Wie geht Schule? –
Gedanken und Impulse zu deiner Rolle im System Schule
In meinen Familienberatungen taucht das Thema Schule sehr häufig auf. Die Eltern berichten von den Kämpfen und Streitereien, von Ängsten und Sorgen, von Unsicherheit auf allen Seiten, von Schreien und Strafen und von Frust, Wut und Enttäuschungen.
Eine Institution außerhalb des Hauses mit einem klaren Bildungsauftrag bringt so viel Streit, Kämpfe, Frust und Beziehungsschäden mit in die Familien.
Und das finde ich so schade und es stimmt mich traurig.
Ich finde es schade …
… für die Kinder
Kinder wollen lernen. Sie wollen erfahren, was in ihrem Sozialsystem wichtig ist. Sie wollen Hintergründe erkunden und Zusammenhänge erfahren.
Und doch werden sie oft immer noch nach ihrer (vermeintlich) messbaren Leistung beurteilt und oft genug verurteilt, wenn es nicht perfekt genug ist.
Sie stehen und pendeln zwischen dem Zuhause und der Schule. Physisch und auch mit ihrer verletzlichen Seele. Sie wollen es irgendwie allen recht machen – den Eltern und den Lehrern.
Und verzweifeln teilweise sogar daran.
… für die Lehrerkräfte
Durch meine Weiterbildungen für pädagogische Fachkräfte weiß ich, dass es so viele Menschen gibt, die sich wirklich Mühe geben, den anvertrauten Kindern wirklich gerecht zu werden. Und doch sind sie in einem System gefangen, das ihnen relativ wenig Spielraum bietet.
Sie lernen im Studium eigentlich nicht, was es heißt mit den Kindern in den verschiedenen Entwicklungsstadien umzugehen. Sie wollen den Kindern etwas Gutes tun und schaffen es nicht so wie gewünscht, weil sie teilweise merkwürdig anmutenden Anweisungen beachten müssen.
Oft bekommen sie den Unmut der Eltern und der Kinder ab.
Und manchmal verzweifeln auch sie.
… für die Eltern
Fühlst du dich auch manchmal als Hilfslehrer/in?
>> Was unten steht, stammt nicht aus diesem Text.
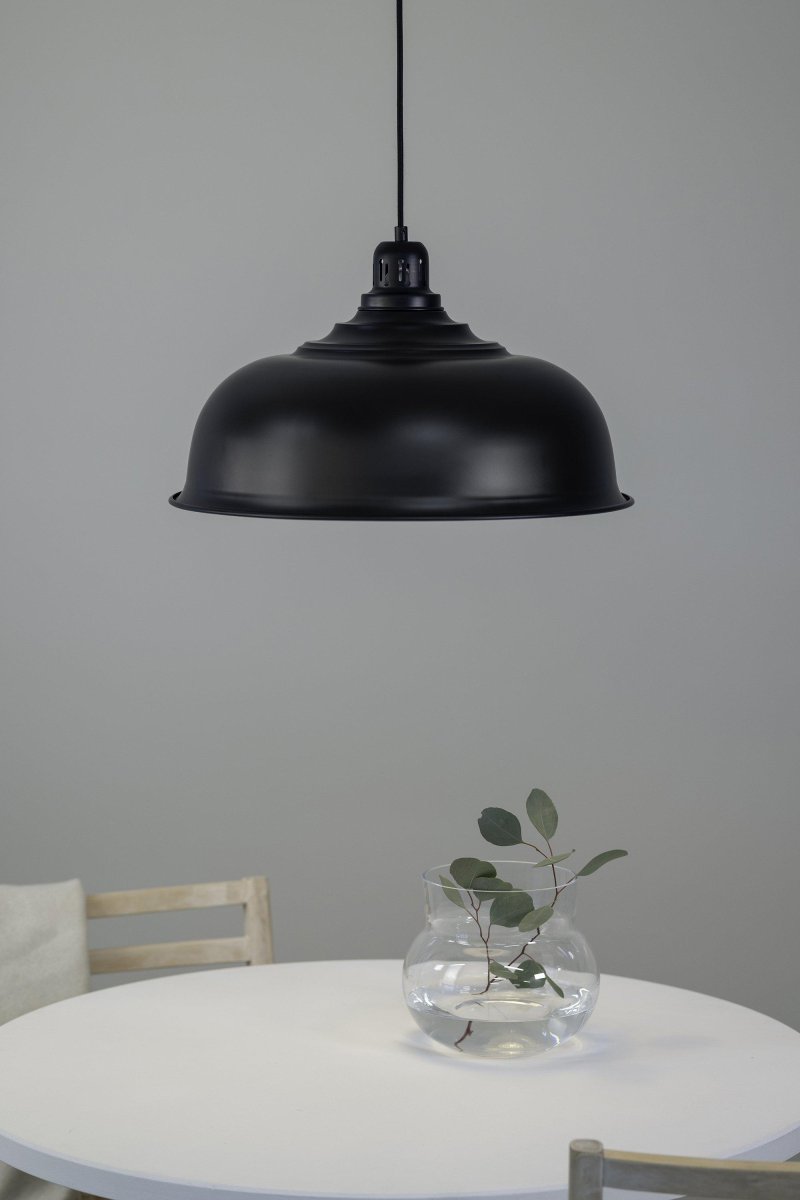 Port Ø50 Noir suspension De Markslöjd - Avec un diam&egrave;tre de 50 cm et un int&eacute;rieur blanc, il diffuse une belle lumi&egrave;re.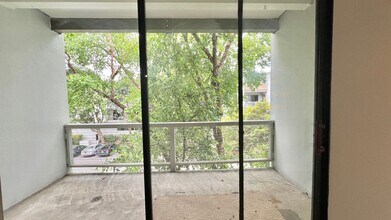 4 Admiral Dr in Emeryville, CA - Building Photo - Building Photo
Streitest du mit deinem Kind, weil es nicht in die Schule will, Schule doof findet, keine Hausaufgaben macht und das Lernen für einen Test größtmögliche Verweigerung nach sich zieht?
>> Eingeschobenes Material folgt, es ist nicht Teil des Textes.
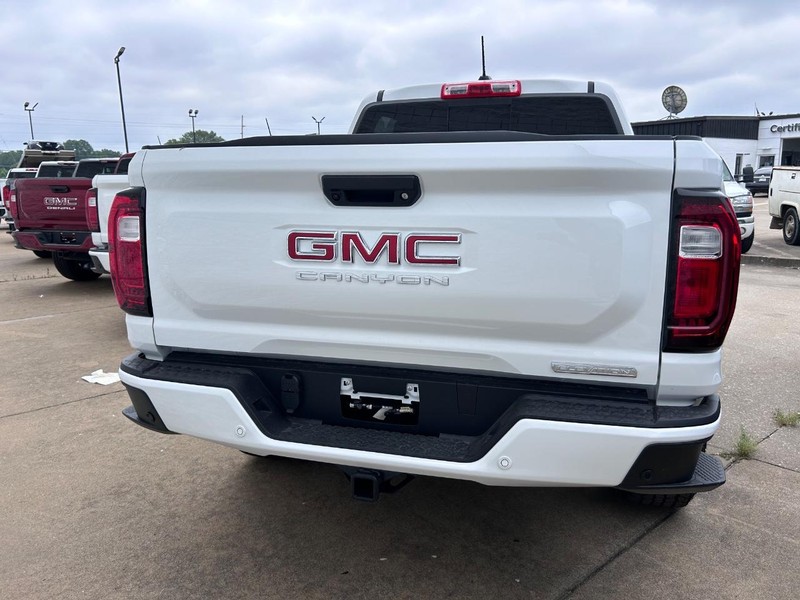GMC Canyon Vehicle Full-screen Gallery Image 4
Und was macht das mit dir, deinem Kind, der Atmosphäre zuhause und mit der Beziehung zu deinem Kind?
Du willst das Beste für dein Kind und willst dafür sorgen, dass es gute Noten bekommt.
Doch ist das tatsächlich das Beste für dein Kind?
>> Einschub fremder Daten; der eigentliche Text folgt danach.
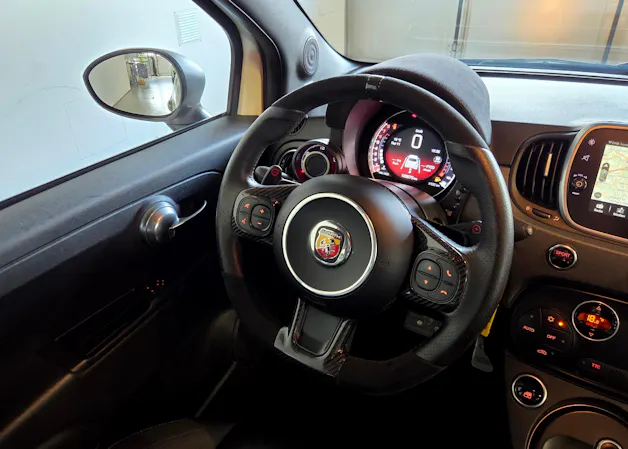 FIAT 595 Abarth 1.4 T-Jet 180 Competizione
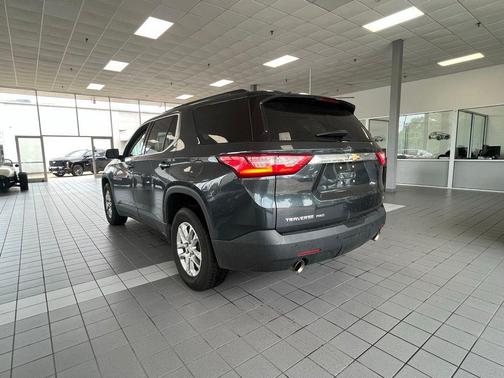 Graphite Metallic 2019 Chevrolet Traverse LT Cloth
Ist es manchmal zum Verzweifeln, weil du nicht weißt, was richtig ist oder was du ändern kannst?
Das System Schule können wir leider nicht so einfach ändern.
Doch wir als Eltern können unseren Umgang mit und unserer Einstellung zu Schule, Noten, Lehrern und dem ganzen Drum-und-Dran ändern.
Und mit einer klaren und akzeptierenden Haltung hilfst du deinem Kind am besten durch ein System, das definitiv nicht kindgerecht und doch das vorhandene Bildungssystem und damit für dein Kind täglich Normalität ist.
2 Gedanken und Anregungen für dich
1. Welche Rolle übernimmst du?
Es gibt ein Dreieck, das aus dem Kind, der Schule (Lehrern) und deinem Kind besteht.
Zwischen jeweils zwei Eckpunkt dieses Dreieck gibt es eine Beziehung.
Und jede Person an dem Eckpunkt hat eine Rolle inne, hat also eine bestimmte Aufgabe.
Dein Kind geht in die Schule und lernt – das ist seine Rolle und Aufgabe.
Der Lehrer/die Lehrerin unterrichtet dein Kind bestmöglich – das ist die Rolle und Aufgabe der Schule.
Diese beiden Rollen sind nahezu klar und definiert.
Und was ist deine Rolle – deine Aufgabe?
Mach dir bewusst, welche Rolle du in dem Dreieck “Schule-Kind-Eltern” übernehmen willst. -> Dein Wunsch
Mach dir bewusst, welche Rolle du in dem Dreieck “Schule-Kind-Eltern” tatsächlich übernimmst. -> Die Realität
Willst du Hilfslehrer/in sein?
Du lernst mit deinem Kind, überwachst die Hausaufgaben und achtest darauf, dass dein Kind alles tut, was die Schule vorgibt. Du willst die bestmöglichen Noten für dein Kind.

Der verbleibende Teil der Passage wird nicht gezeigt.